O evento contou com os questionamentos do público e uma mãe cujo filho foi vitimado pela violência.

“Ninguém deixa de ser preso. Uma vez preso, será conhecido como ex-preso para sempre”. Com esta afirmação, a professora de criminologia da PUC Rio, Elizabeth Sussekind, descreveu um dos principais problemas do sistema prisional, do ponto de vista do presidiário: o preconceito. Pesquisas de Sussekind confirmam que a criminalização da pobreza é uma realidade. “São os pobres e negros que são presos, por meia dúzia de delitos escolhidos entre os 500 da legislação”. A resolução do problema, segundo a pesquisadora, não está próxima. “Antes se acreditava que estava se trabalhando para diminuir a criminalidade. Hoje, o cinismo já nos assola”, disse.
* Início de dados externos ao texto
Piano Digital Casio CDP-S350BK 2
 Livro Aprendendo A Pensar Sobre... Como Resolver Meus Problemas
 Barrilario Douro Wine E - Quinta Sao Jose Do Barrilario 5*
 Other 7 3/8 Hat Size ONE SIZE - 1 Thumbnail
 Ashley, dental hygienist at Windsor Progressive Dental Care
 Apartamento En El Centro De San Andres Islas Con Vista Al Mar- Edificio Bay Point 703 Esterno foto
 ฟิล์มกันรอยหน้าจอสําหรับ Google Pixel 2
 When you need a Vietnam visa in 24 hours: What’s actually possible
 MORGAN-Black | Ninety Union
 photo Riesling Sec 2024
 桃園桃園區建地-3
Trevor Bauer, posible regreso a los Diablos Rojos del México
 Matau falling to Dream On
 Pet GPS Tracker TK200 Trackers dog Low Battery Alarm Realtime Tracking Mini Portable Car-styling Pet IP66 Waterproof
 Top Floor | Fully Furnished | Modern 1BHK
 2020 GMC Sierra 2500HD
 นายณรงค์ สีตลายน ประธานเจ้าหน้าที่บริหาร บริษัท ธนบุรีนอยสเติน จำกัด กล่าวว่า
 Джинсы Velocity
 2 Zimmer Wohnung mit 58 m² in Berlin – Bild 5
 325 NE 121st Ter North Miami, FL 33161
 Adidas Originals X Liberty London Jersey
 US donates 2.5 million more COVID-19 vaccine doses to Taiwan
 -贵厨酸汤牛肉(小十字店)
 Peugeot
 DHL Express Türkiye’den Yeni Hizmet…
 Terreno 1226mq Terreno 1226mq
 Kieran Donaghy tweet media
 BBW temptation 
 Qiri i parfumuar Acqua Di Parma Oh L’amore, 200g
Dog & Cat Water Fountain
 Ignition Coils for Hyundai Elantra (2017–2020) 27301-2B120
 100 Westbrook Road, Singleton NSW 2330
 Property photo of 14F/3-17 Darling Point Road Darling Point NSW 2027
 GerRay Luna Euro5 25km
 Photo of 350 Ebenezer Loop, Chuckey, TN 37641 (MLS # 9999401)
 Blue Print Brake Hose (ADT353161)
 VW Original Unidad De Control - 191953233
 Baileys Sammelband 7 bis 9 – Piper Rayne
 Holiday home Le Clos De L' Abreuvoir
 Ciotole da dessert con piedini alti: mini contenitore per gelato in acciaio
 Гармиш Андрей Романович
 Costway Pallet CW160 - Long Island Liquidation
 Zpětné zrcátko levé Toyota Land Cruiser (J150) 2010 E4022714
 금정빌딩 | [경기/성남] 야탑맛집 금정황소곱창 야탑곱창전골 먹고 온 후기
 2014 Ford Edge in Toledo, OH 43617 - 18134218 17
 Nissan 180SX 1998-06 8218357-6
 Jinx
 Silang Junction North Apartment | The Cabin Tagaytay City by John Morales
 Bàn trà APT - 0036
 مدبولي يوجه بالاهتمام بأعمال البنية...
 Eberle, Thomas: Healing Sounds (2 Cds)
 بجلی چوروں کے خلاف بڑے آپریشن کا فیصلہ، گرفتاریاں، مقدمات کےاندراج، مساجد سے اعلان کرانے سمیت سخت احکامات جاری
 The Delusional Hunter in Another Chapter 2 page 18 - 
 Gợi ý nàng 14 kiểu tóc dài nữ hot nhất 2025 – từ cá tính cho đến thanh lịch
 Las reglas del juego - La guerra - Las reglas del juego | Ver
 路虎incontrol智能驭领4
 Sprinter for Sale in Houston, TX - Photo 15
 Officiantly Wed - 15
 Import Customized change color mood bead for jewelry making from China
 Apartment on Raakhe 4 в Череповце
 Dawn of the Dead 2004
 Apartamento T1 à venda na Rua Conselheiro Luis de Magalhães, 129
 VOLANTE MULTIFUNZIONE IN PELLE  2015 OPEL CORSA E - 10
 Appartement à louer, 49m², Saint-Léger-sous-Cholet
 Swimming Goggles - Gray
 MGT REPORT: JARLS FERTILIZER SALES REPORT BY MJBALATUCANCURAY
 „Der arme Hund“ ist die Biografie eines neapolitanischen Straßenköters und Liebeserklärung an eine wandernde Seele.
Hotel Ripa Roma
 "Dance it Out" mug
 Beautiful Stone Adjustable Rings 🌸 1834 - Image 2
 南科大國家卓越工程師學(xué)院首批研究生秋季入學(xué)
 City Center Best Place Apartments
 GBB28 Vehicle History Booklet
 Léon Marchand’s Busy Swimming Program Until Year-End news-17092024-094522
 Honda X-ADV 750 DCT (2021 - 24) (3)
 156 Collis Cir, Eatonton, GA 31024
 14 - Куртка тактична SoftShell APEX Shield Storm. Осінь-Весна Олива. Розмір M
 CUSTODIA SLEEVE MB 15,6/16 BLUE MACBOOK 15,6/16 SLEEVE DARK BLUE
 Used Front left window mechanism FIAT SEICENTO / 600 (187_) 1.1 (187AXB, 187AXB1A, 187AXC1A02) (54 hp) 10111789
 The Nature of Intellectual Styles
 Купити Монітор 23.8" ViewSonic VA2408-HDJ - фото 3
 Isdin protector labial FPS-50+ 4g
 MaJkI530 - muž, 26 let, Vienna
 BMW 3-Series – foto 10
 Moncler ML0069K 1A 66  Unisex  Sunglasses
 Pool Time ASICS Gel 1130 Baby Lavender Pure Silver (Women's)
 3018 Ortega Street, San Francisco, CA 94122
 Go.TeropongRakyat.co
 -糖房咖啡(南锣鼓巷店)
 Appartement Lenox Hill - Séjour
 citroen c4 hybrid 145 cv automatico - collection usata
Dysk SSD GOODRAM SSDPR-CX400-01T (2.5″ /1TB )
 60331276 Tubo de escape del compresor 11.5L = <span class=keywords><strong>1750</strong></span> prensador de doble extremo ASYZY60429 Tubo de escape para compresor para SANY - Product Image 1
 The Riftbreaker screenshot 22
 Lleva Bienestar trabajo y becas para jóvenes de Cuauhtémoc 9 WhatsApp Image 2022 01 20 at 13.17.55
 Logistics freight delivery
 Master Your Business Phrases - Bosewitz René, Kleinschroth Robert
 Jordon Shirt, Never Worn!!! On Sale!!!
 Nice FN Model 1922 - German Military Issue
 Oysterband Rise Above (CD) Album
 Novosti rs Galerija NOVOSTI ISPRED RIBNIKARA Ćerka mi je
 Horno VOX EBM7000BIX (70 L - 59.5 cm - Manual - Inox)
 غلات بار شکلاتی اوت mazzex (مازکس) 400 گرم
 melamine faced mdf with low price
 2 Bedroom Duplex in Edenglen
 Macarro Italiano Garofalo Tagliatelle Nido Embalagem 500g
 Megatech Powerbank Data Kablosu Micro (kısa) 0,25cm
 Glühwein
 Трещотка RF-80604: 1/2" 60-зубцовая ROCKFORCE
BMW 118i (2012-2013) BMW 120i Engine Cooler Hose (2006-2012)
Elizabeth Sussekind, Professora de criminologia da PUC Rio e membro do conselho consultivo do Departamento de Pesquisas Judiciárias do CNJ

Relatos como “A gente sabe que sair daqui é mais fácil do que conseguir não voltar”, apontaou a pesquisadora – que também é membro do conselho consultivo do Departamento de Pesquisas Judiciárias do Conselho Nacional de Justiça (CNJ) – são comuns. “A estigmatização do ex-preso independe de pena e tempo na prisão: é uma marca eterna em sua comunidade, na família, no trabalho”. Ela criticou ainda a falta de atenção por parte do Estado. “As secretarias de administração penitenciária são as mais pobres. Só não são mais que as de direitos humanos. Essas são paupérrimas”, ironizou.